I’d watched King on TV. I’d been captivated by the rhythm and depth of his unique speaking style, the impact of the pictures he painted through his carefully chosen words, the hope and inspiration engendered by the substance of his messages.
I certainly understood why he was deeply loved and respected by so many, especially by — but not limited to — those who shared my skin color. Indeed, as TV channels broadcast images of blacks and whites, Protestants and Catholics, Christians and Jews marching arm in arm with King, standing beside him as he delivered those powerful speeches, facing police batons, dogs and firehoses, I was convinced that I was observing religion at its very best. I think I was captivated.
But young as I was, I knew there had to be more to the story. So, I was determined to learn why King’s head-on confrontations with bigotry were so necessary in the first place.
I was one of seven boys born into our hard-working, two-parent, committed-Christian, “Negro” family — as people of African descent were referred to back then. But even within our family, I tended to keep to myself. I was a loner and a bookworm. Books were my friends. I found comfort in them.

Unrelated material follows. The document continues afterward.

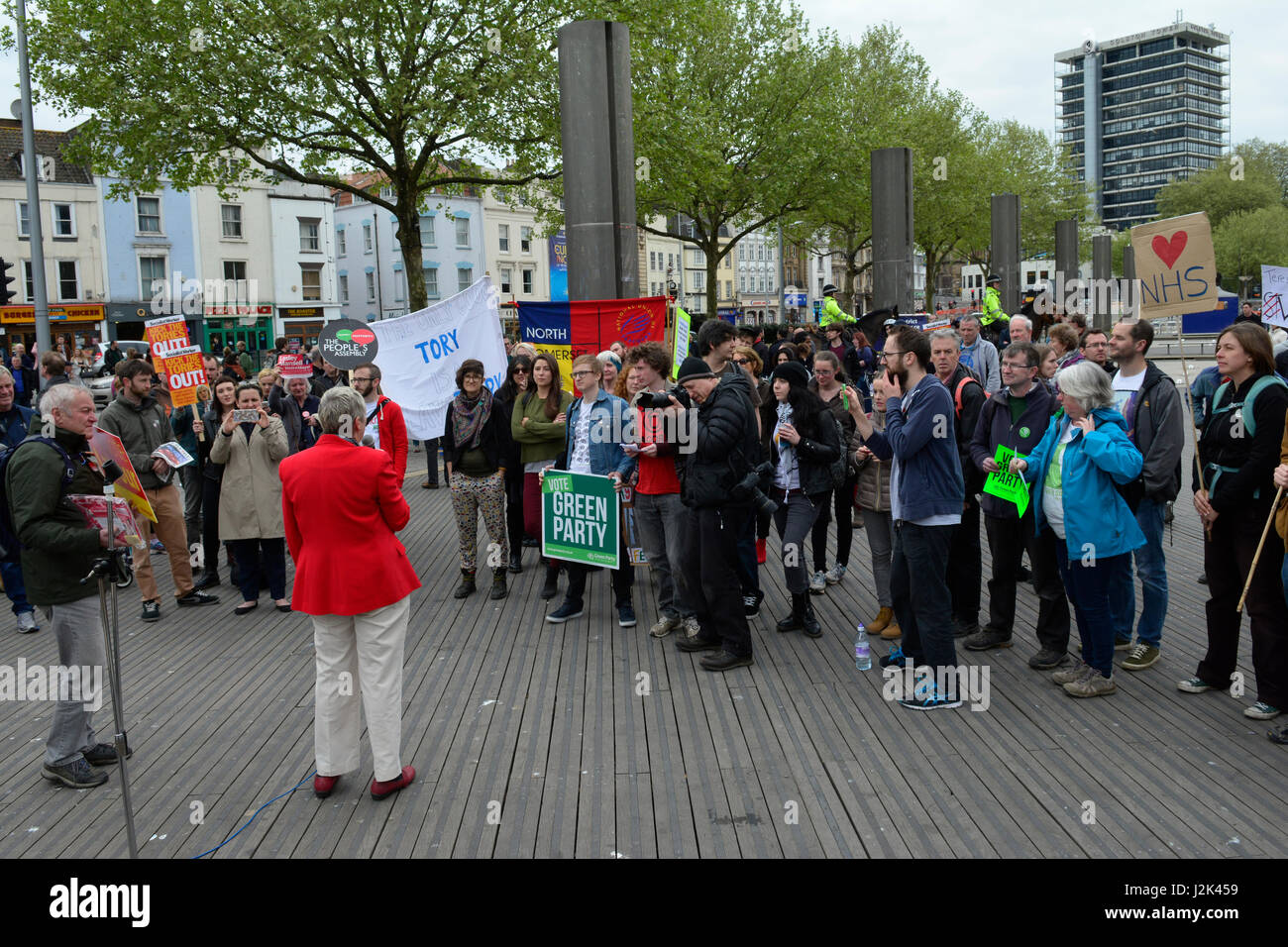 Bristol, UK. 29. April 2017. 1. große Demo von linken Aktivisten durchhalten Tories in der Stadt Bristol in Großbritannien. Organisiert von der Versammlung der Völker. Bildnachweis: Robert Timoney/Alamy Live-Nachrichten Stockfoto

It was in history books that I found the evidence for what I’d observed in person and on TV from my earliest recollections. Through excellent teachers and reading, I learned much more about slavery, America’s subsequent institutionalized racism, King, the civil-rights movement and our nation’s still-unresolved social issues.
The deeper I delved, the more I realized that the tears shed after MLK’s assassination weren’t just about his death. They were also about the many forms of injustice and inequity that he’d so unflinchingly fought to correct.
The more I read during those formative years, the more I came to realize how crucial it is to know the facts of history — especially if we’re hoping to inspire impartiality in our future.
“The arc of the moral universe is long,” King said, “but it bends toward justice.” That statement, like many of his others, struck a responsive chord in me.
But the bending he described doesn’t just happen. It comes about only when people individually and collectively persist in standing up to injustice. It happens because people who understand the facts of history refuse to rest until liberty and justice for all has been achieved. It happens because individuals, faith groups and entire communities young and old refuse to let the memory and dreams of MLK and others like him slip into oblivion.
That’s what the activities of the next couple of weeks are all about.
Hatim Hamidullah is the Imam (clergy) at Masjid Al-Haqq-ISCF in downtown Orlando. He is also the director of Knowledge for Living Inc., and serves on the executive committee of the Interfaith Council of Central Florida.